Assignment:
The word "Background" occurs in some of the lines below; copy each of those lines.
-- Material provided follows --
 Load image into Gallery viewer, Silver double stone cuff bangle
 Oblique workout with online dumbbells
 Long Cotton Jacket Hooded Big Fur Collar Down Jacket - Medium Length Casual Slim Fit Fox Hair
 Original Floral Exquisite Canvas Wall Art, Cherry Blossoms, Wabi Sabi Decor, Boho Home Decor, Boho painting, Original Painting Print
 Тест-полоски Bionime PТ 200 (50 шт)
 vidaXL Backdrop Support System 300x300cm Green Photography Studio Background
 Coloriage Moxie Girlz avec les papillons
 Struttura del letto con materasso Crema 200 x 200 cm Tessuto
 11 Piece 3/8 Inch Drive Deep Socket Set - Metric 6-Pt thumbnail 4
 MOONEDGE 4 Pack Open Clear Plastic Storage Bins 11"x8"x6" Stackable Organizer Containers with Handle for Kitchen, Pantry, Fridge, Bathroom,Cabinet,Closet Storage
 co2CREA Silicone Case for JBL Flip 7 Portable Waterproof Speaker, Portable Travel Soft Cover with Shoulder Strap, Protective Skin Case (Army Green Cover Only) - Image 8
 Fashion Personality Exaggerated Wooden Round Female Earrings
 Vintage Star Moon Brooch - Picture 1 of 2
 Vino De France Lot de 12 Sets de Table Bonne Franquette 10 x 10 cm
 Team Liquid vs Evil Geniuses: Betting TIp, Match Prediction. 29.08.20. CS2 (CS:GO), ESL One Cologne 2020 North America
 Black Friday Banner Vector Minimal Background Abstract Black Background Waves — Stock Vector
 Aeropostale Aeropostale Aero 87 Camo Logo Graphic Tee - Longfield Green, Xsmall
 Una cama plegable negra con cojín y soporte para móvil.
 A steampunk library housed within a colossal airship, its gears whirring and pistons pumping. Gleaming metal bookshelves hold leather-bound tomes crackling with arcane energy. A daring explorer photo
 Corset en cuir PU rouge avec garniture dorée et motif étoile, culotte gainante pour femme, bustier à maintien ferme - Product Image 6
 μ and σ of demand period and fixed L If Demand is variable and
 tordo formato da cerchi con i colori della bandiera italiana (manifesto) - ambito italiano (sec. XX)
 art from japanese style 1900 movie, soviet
-- Material provided concluded --
Solution:
 vidaXL Backdrop Support System 300x300cm Green Photography Studio Background
 Black Friday Banner Vector Minimal Background Abstract Black Background Waves — Stock Vector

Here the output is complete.